Cannabis industry watchers expect extremely tough competition in the Illinois marketplace.
The maximum number of adult-use dispensaries allowed in Illinois in 2020 is 185, or 1.5 retail stores per 100,000 residents. By comparison, Oregon currently has 15.7 recreational marijuana retailers per 100,000 residents.
That means retail cannabis licenses will be highly coveted and likely very lucrative in Illinois.
Though Illinois will grant more recreational retail licenses over the coming years – up to a maximum of 500 – it’s still a relatively low number considering the state is home to nearly 13 million people.
Social equity applicants are expected to have a strong advantage, as this status is worth 50 points on the application – 20% of the total points that can be awarded.
To apply as a social equity applicant, a business must show it:
- Is at least 51% owned and controlled by someone who has a prior cannabis possession offense that’s eligible for expungement.
- Has an owner who has an immediate family member with a cannabis possession offense that is eligible for expungement.
- Will be located in a disproportionately impacted area or will employ 10 or more workers who would themselves qualify as social equity applicants.
Disproportionately impacted areas are portions of the state that have high poverty rates and above-average rates of cannabis-related arrests, convictions and incarcerations. Illinois released a map of disproportionately impacted areas, which is available here.
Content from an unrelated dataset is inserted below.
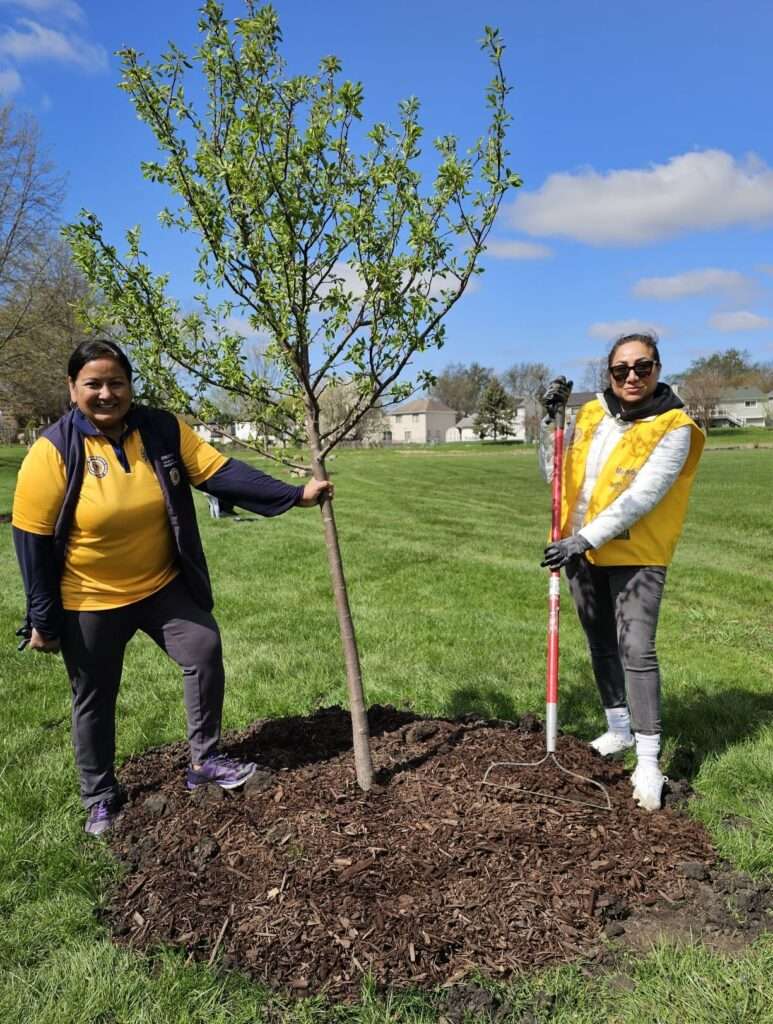 Roselle tree planting drive promotes sustainability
Businesses also will have to show they can meet other requirements, such as the ability to implement a robust security plan and manage inventory.
Competition for non-social equity applicants will likely be extremely fierce, and this introduces the potential for some businesses to exploit the law to gain a leg up in the application process.
“Strawman” agreements – where an individual who qualifies as a social equity applicant owns 51% of the businesses on paper but in reality has no control or equity in the company – have become more common in other states looking to provide tangible benefits for businesses with diverse owners.
The state will announce license winners in May 2020.